▸ ASSIGNED TASK
All lines at and after the one containing "2026天天正版精准大全及一", up to the end of the listing below, are to be printed exactly, with the pictures omitted.

▸ DATA
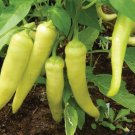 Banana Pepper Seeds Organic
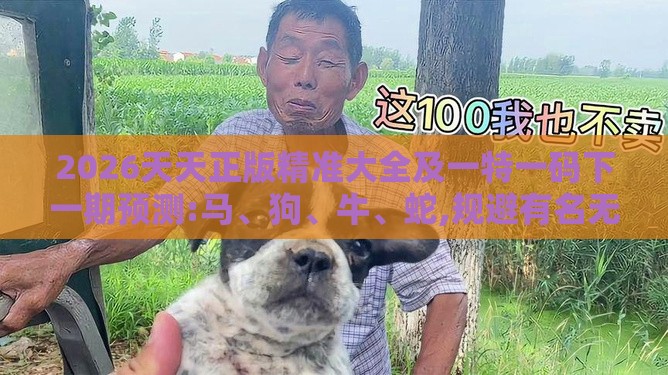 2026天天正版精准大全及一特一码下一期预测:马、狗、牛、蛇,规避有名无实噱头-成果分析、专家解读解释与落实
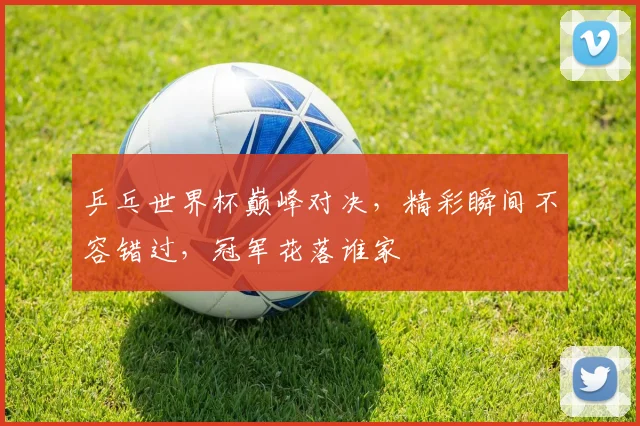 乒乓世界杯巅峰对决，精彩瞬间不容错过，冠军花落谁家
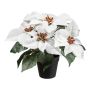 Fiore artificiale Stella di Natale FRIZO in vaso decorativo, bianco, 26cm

▸ EXERCISE RESPONSE
 2026天天正版精准大全及一特一码下一期预测:马、狗、牛、蛇,规避有名无实噱头-成果分析、专家解读解释与落实
 乒乓世界杯巅峰对决，精彩瞬间不容错过，冠军花落谁家
 Fiore artificiale Stella di Natale FRIZO in vaso decorativo, bianco, 26cm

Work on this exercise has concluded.